Entries taken from a collection:

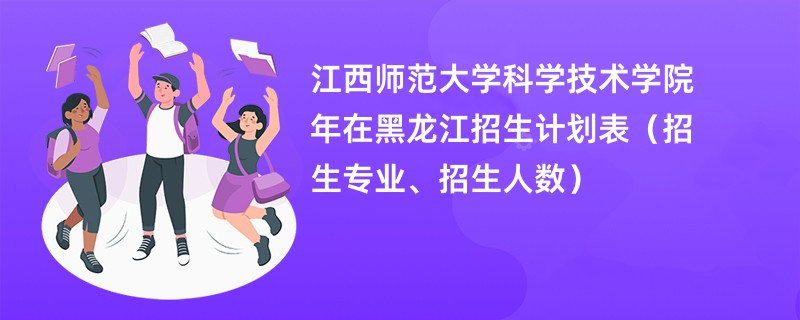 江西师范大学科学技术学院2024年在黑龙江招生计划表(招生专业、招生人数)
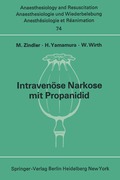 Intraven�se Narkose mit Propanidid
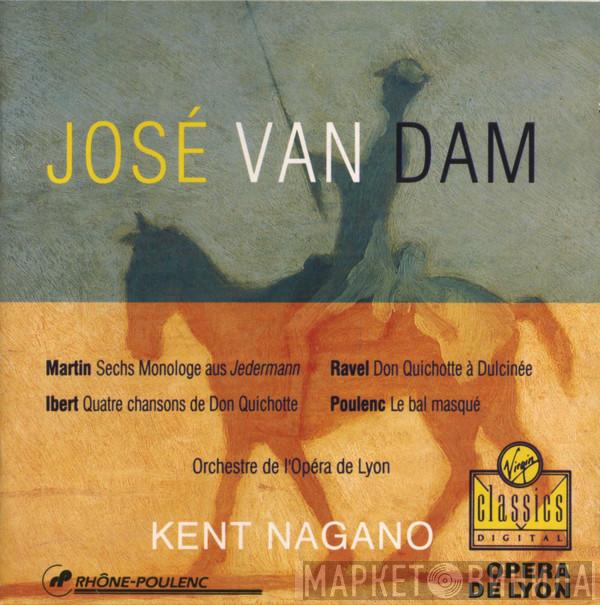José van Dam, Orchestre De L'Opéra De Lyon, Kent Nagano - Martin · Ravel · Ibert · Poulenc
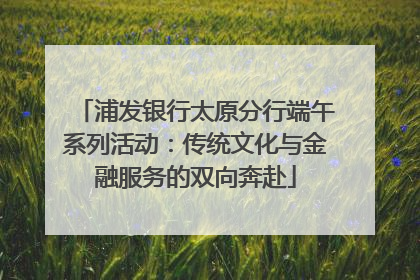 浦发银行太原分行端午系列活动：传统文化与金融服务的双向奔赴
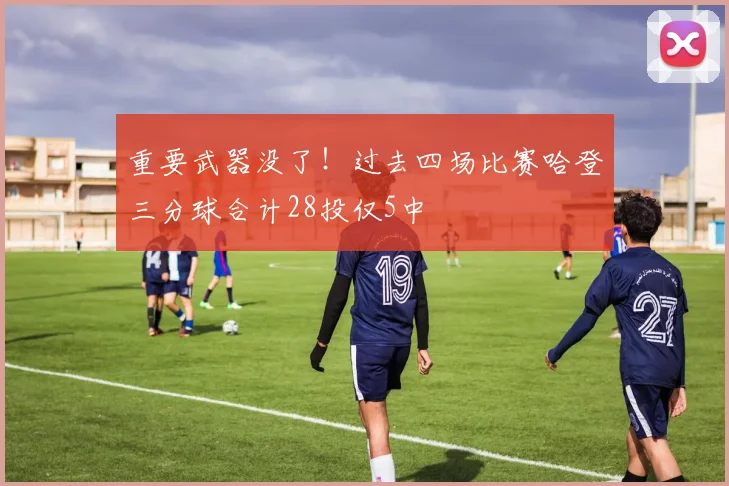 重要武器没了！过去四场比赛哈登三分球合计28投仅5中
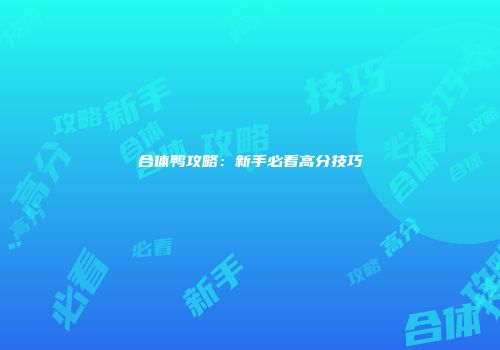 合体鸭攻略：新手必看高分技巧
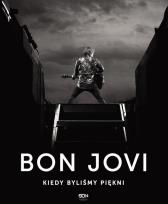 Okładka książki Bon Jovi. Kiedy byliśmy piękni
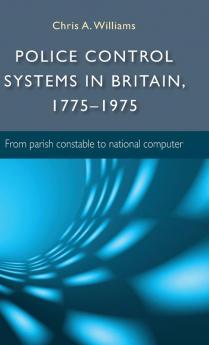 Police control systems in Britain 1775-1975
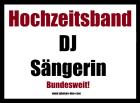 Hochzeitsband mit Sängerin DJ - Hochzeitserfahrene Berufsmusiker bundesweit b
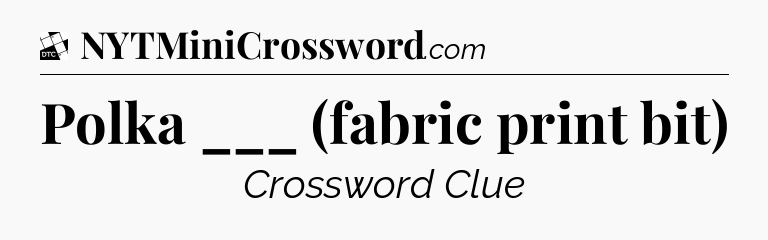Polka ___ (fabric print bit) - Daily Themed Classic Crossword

---

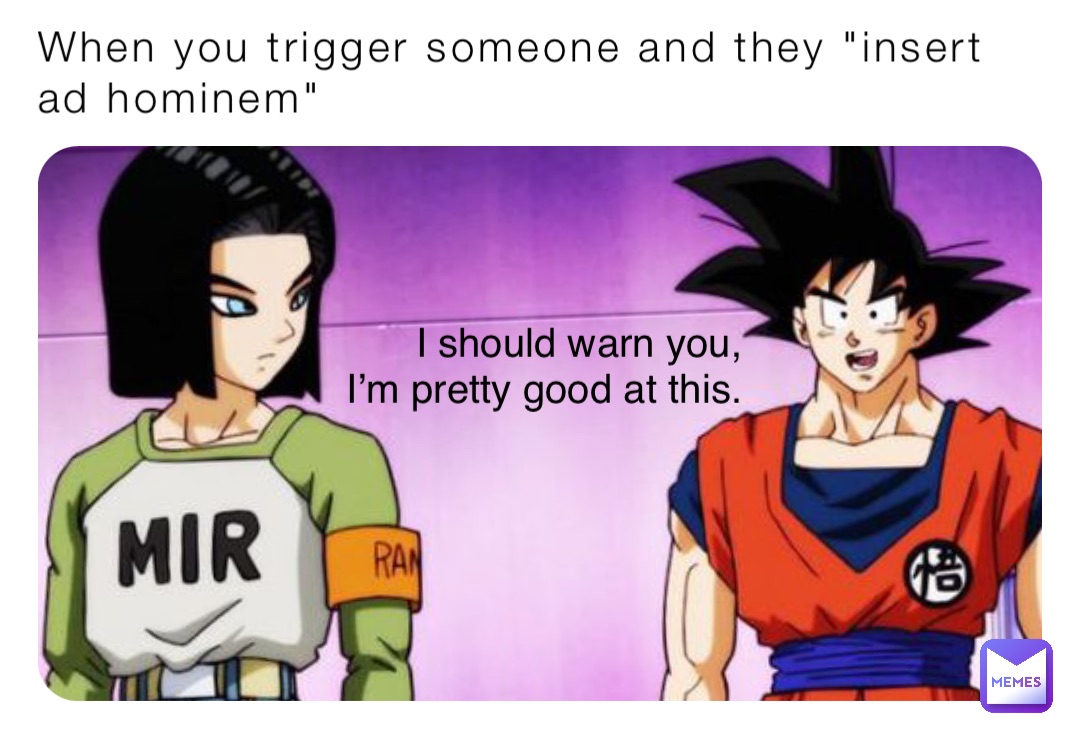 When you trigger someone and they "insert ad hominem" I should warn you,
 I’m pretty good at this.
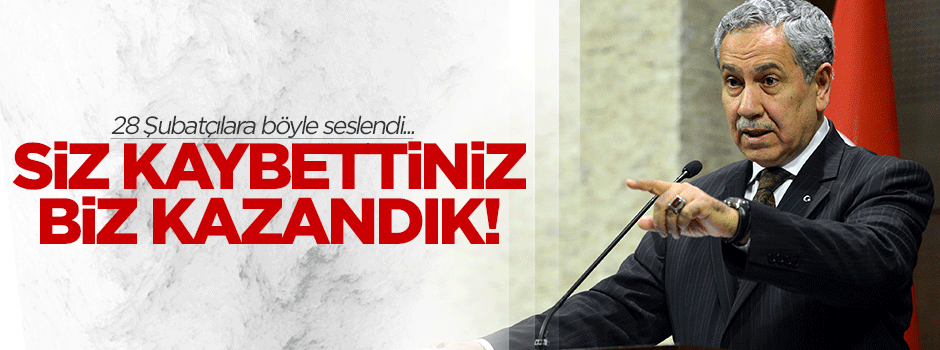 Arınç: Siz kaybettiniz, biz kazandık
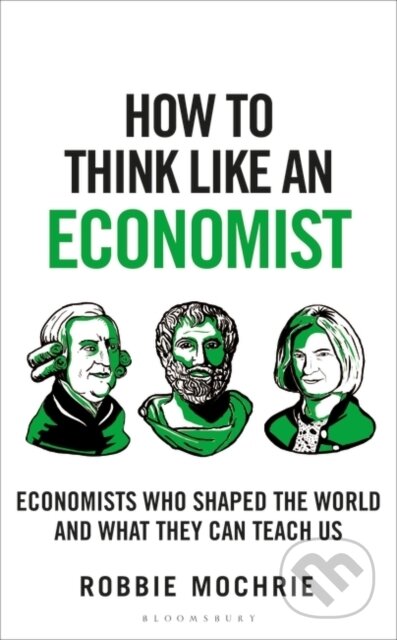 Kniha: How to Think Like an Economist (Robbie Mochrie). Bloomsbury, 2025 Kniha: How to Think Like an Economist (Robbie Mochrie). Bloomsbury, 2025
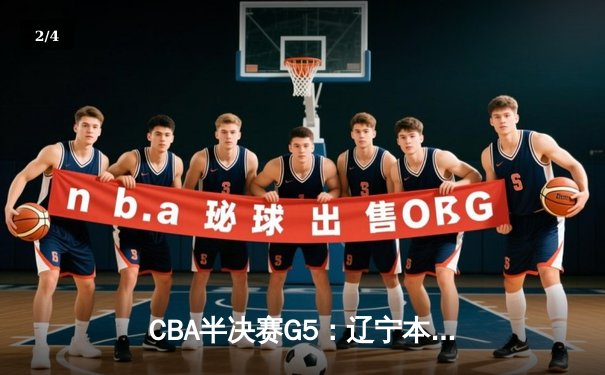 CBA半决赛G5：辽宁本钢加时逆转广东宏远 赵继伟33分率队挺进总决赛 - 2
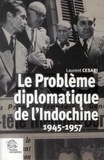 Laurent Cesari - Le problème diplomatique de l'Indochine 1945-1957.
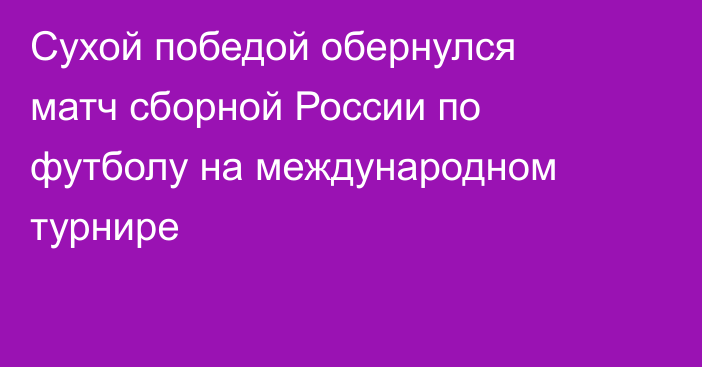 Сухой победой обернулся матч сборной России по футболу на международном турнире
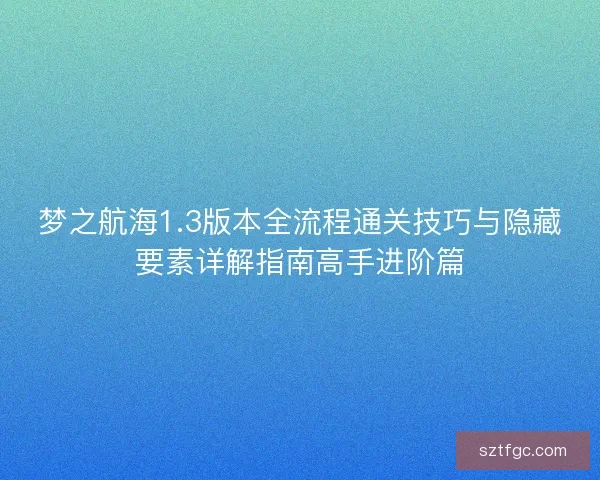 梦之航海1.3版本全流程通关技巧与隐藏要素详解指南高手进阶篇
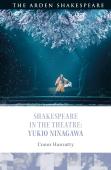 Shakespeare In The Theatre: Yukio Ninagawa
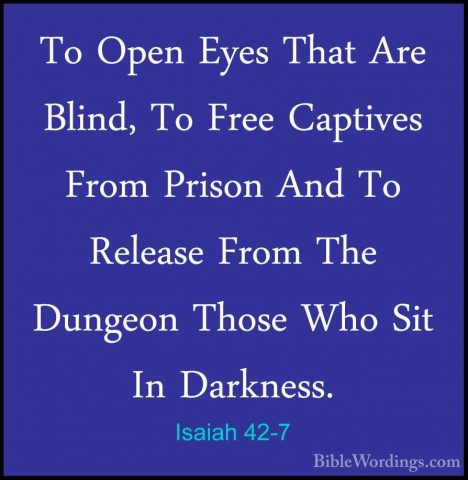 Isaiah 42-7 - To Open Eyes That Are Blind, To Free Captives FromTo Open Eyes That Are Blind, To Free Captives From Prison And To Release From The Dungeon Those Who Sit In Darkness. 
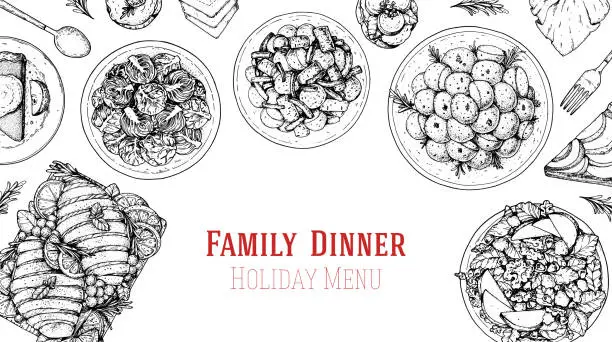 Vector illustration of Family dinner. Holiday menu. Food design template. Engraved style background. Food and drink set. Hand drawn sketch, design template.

> [Required work]
Your answer should consist of the lines above between those holding "江西师范大学科学技术学院2024年在黑龙江招生计划表(招生专业、招生人数)" and "合体鸭攻略：新手必看高分技巧", inclusive, reproduced word for word and without pictures.

> [Solution for this exercise]
 江西师范大学科学技术学院2024年在黑龙江招生计划表(招生专业、招生人数)
 Intraven�se Narkose mit Propanidid
José van Dam, Orchestre De L'Opéra De Lyon, Kent Nagano - Martin · Ravel · Ibert · Poulenc
 浦发银行太原分行端午系列活动：传统文化与金融服务的双向奔赴
 重要武器没了！过去四场比赛哈登三分球合计28投仅5中
 合体鸭攻略：新手必看高分技巧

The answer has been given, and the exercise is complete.